REPUBLIKA.CO.ID, Kisah penyiksaan terhadap penduduk Palestina di penjara Israel, bukan sebuah cerita baru. Kekerasan yang terjadi selalu berulang meski pemberitaan meluas dimana-mana.
Laporan terbaru diluncurkan dalam sebuah artikel di surat kabar Israel, Haaretz. Laporan ini mengonfirmasi bahwa para interogator Shin Bet memberlakukan penyiksaan dalam penyelidikan.
Metode penyiksaan termasuk memukul kepala untuk melukai bagian wajah, memaksa berjongkok atau kayang di atas kursi dengan tangan terikat dalam jangka waktu lama. Tak jarang mereka dilarang tidur.
Sejumlah penyiksaan terdokumentasi sejak lama. Kelompok pembela hak tahanan, NGO Addameer mengatakan praktik tersebut rutin dan sistematis untuk tahanan Palestina. Keluarga tahanan juga kadang mendapat ancaman.
Direktur eksekutif Public Committee Against Torture in Israel (PCATI), Rachel Stroumsa mengatakan, lembaganya mendapat ratusan keluhan terkait ini. Tuduhan penyiksaan tidak pernah putus.

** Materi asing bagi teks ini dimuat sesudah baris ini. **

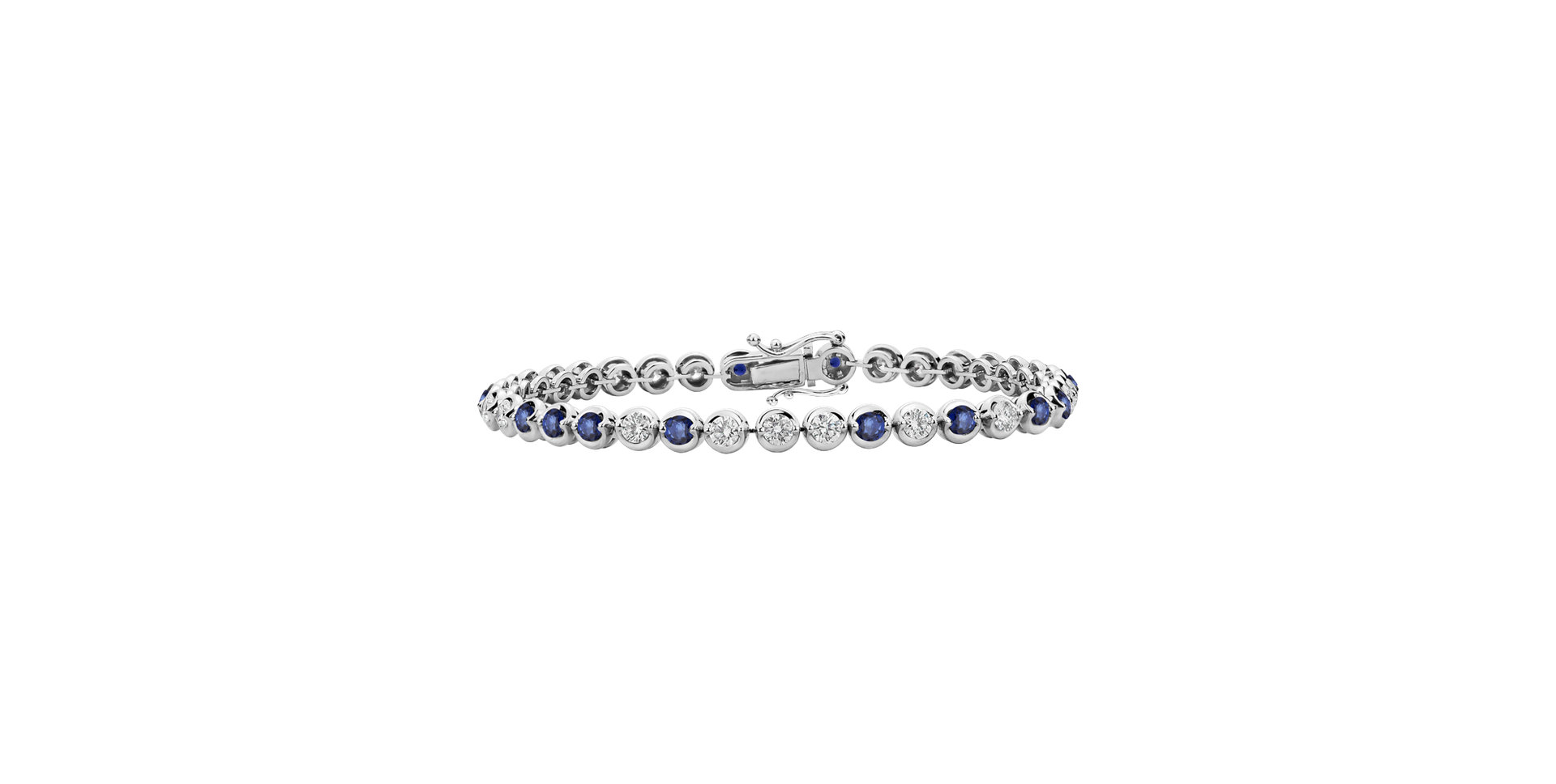 Diamond bracelet with Sapphire Cora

"Kadang, untuk mendapat informasi di masa lalu, atau pengakuan, mereka juga melakukan penyiksaan," kata Stroumsa pada Aljazirah. Dalam laporan tahunan, Amnesty International menyebut pasukan Israel dan Shin Bet juga menyiksa tahanan anak-anak.
Tak hanya saat interogasi, bahkan sejak penangkapan. Metode yang dilakukan termasuk memukul dengan tongkat polisi, menampar, mencekik, kurungan, posisi stres, melarang tidur hingga mengancam.
Defence for Children International - Palestine (DCIP) mengatakan pada Aljazirah, mereka juga melakukan penelitian. Hasilnya, hasil hampir dua per tiga anak Palestina yang ditahan di Tepi Barat menderita kekerasan fisik saat penangkapan.
"Anak Palestina selalu jadi sasaran teknik interogasi dengan kekerasan untuk mendapatkan pengakuan," kata Direktur program DCIP, Ayed Abu Qtaish. Interogator menyiksa, mengancam, dan mengisolasi anak-anak tersebut agar mereka mengakui tuduhan.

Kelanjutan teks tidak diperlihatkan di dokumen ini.